# Microwave overheating



## delboy0127 (Mar 3, 2009)

Hi
Have used our microwave twice once for a period of 4 minutes, rest 2 minutes, then a further 3 minutes, then repeat ie heatup 2 ready meals. Microwave shut down for a period of approx 10 to 15 minutes, then came back on. Has anybody else experienced the same problem. Is it fair to assume Microwave is over heating?

Should it overheat?

Delboy


----------



## pippin (Nov 15, 2007)

12V? 240V?

Make/Model.

Describe "shutdown".

Appeared to work but just didn't heat?

Didn't work at all - no noise or anything?

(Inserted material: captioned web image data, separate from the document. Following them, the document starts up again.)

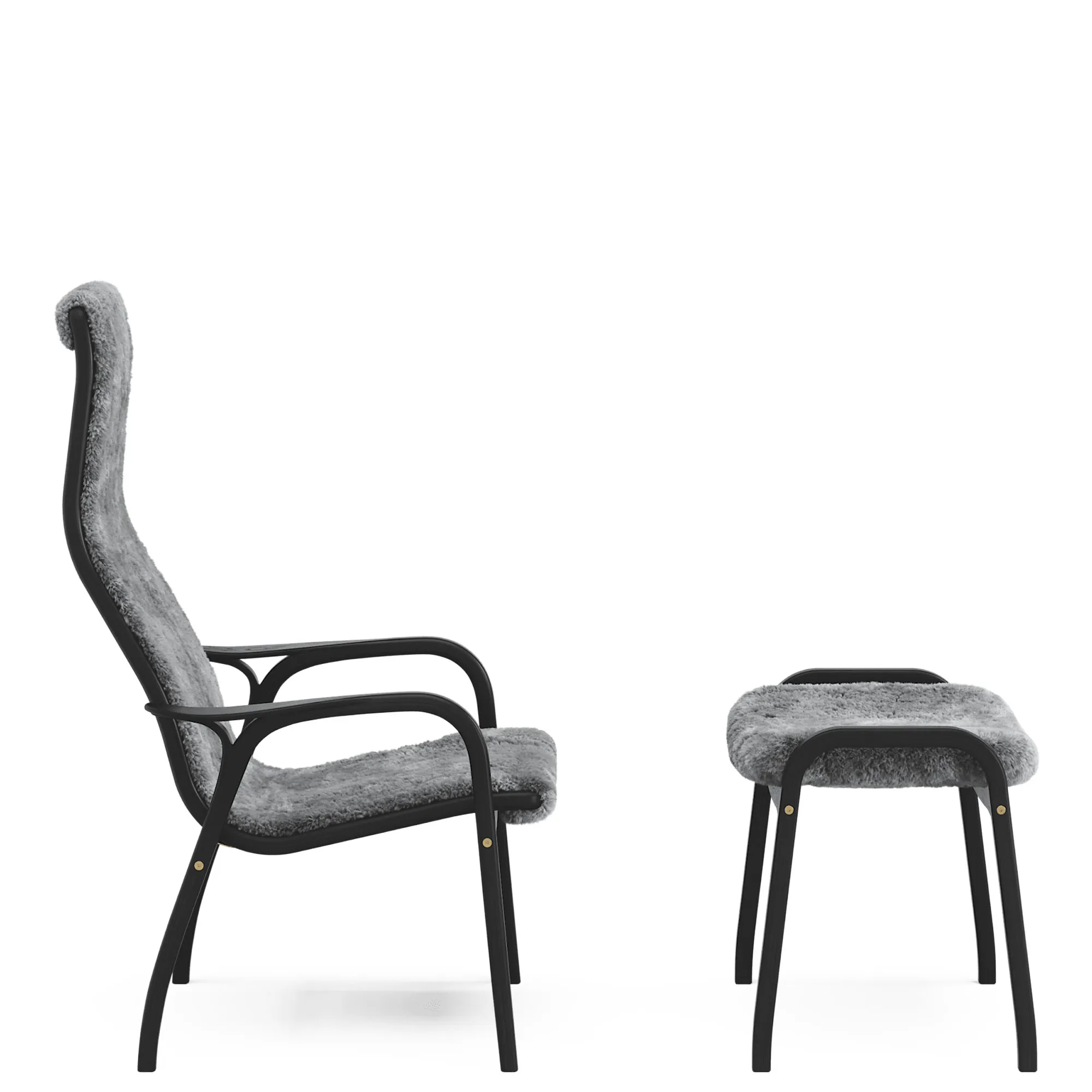 Lamino armchair and footstool - 2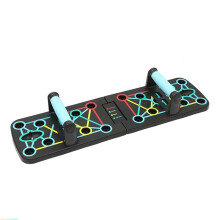 Conjunto de Pranchas de Flexão, Bastão de Flexão Portátil, Equipamento de Fitness Dobrável para Treinamento de Peito, Abdômen e Costas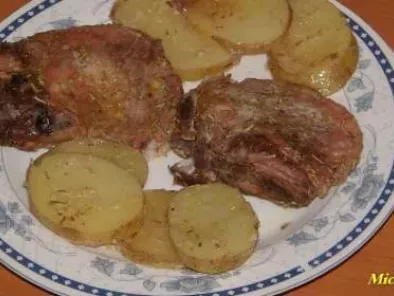 Cotlet de porc cu mustar de Dijon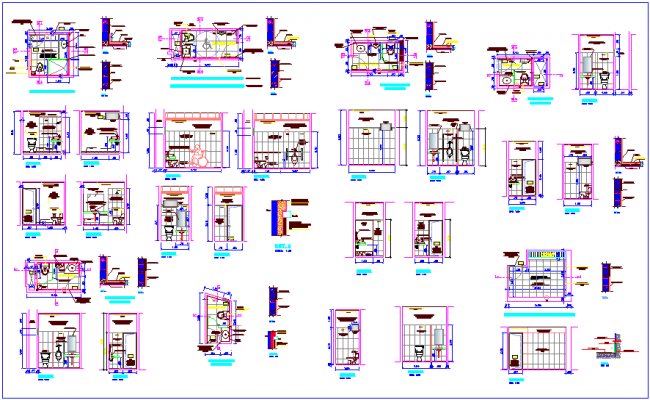 Section A Section B Plan And Installation Details Of House Toilet Dwg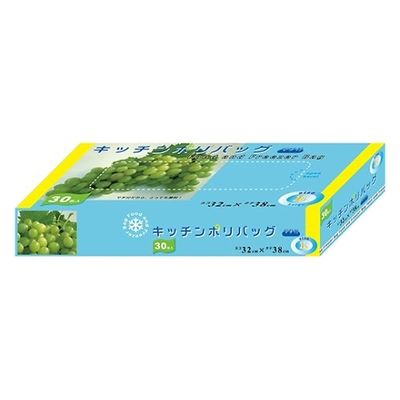 オルディ キッチンポリバッグ マチ付 L 半透明 1ケース(30枚×12冊×12パック) CS-BL-30 1箱(4320枚)（直送品）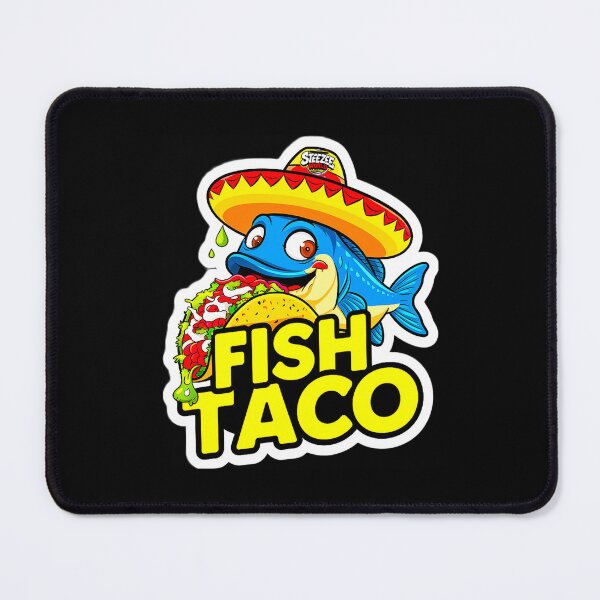 Item preview, Fish Taco Sticker Design designed and sold by SteezeeStore.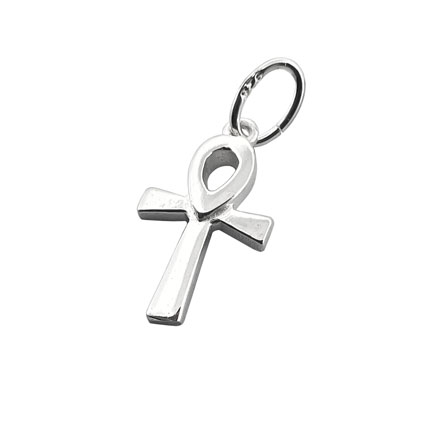 12mm Ankh Charm Sterling Silver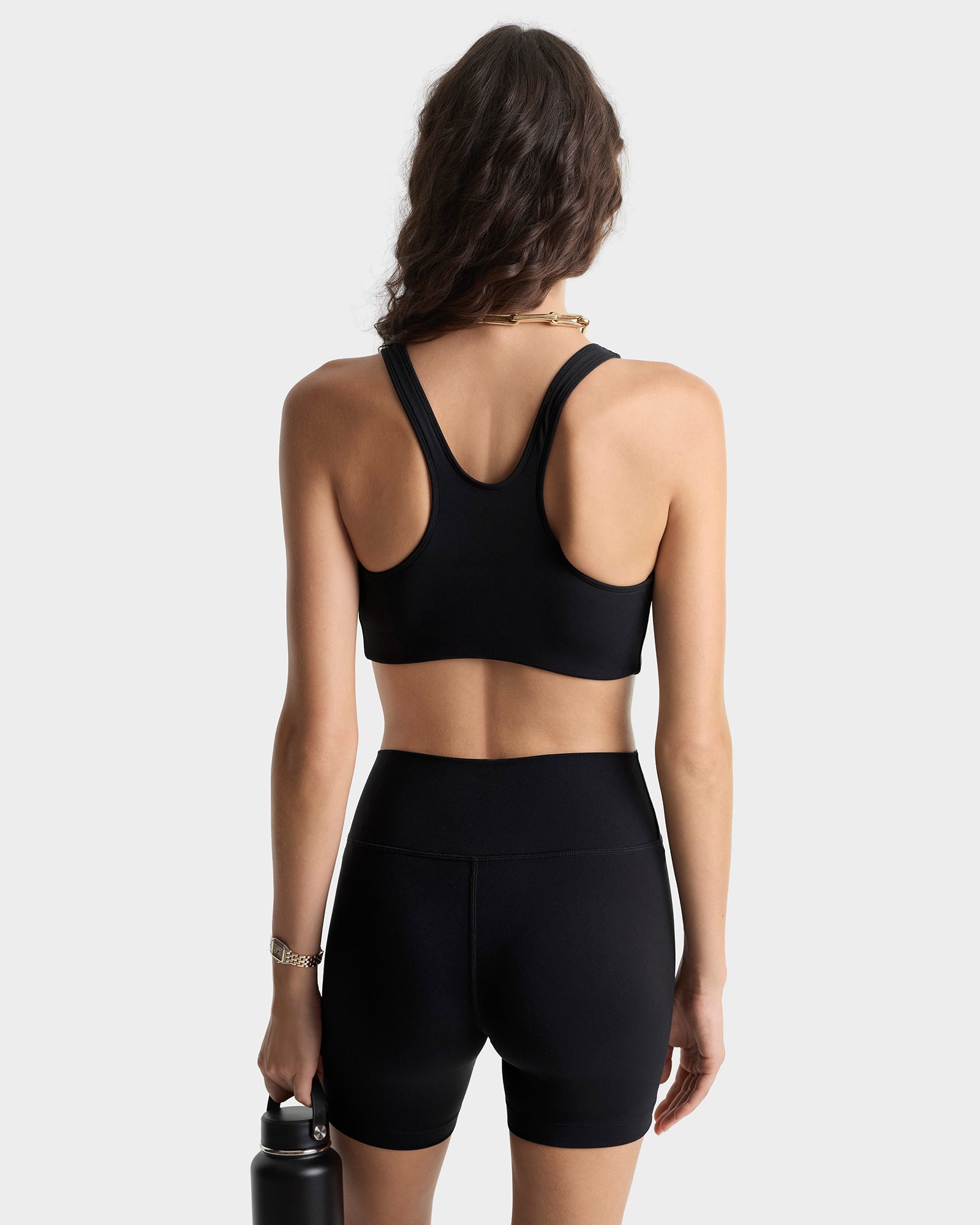 Soutien-gorge de sport SRHWC - Noir/Blanc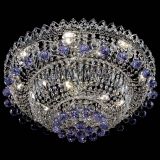 Люстра Хрустальный каскад №3 Шар фиолетовая в Симферополе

Give me more info - I used to repair MW ovens for a living - and many years ago also the radar sets that they are based on!


----------



## 115430 (Aug 11, 2008)

This happened once with us on our latest trip, there's vo ventilation I can see (maybe some underneath?) so the thing overheats and shuts down. A/S County Surrey on a Merc, same as Delboys MH.

240V unit, shutdown is ; no display, no reaction to button pressing, no turntable moving, no nothing. Once it cools down it resets iand works normally.

Am planning to go to the Marquis County roadshow at their Berkshire site this weekend (for a nosy basically) and intend to discuss this with Marquis and A/S then.

It has occured only the once and we were cooking for 5 at the time, every other time it was cooking for 2 and no problems. 

sadsack


----------



## pippin (Nov 15, 2007)

Hmm, that's interesting, none of the MWs I ever worked on had an overtemperature cutout that would reset itself.


----------



## Spacerunner (Mar 18, 2006)

Try cutting down on the curry powder :lol: 

Had similar problem yonks ago with a domestic microwave. Took back off cleaned off old burnt food build-up, no problem since.


----------



## Patchworkqueen (Dec 7, 2007)

Hi I think this may be a ventilation problem.
We have a Broadway and when we ordered it at the NEC last October the microwave was inside a cabinet with doors. We didn't want the doors fitted so asked for it without.
When we collected the MH in March the microwave was fitted slightly forward of where the doors should have been and there is some ventilation at the back. 
I suspect that AS have had problems or realised there would be a problem and changed the design.
We have had no problems so far when using the microwave.

I would contact your dealer and ask for a modification.
Regards Chris


----------



## petepub (Oct 28, 2008)

We have same problem new Mh just back from first trip microwave shuts down after a few minuets and ten comes back on after 10 min. Will be going back to dealer to sort it out, it is on a shelf above a cupboard it hs a small amount of space on top and on both sides for ventulation. will keep you informed when i get it sorted out


----------



## 115430 (Aug 11, 2008)

As promised I went to the road show at Marquis last weekend and looked at the new vans. 

A/S seem to have realised there's a problem with the M/W overheating and have installed a vent behind the M/W -- right through the van wall to the outside. Shall be asking Marquis to vent my M/W internally, the fewer penetrations in external walls the better. :roll: 

Sadsack


----------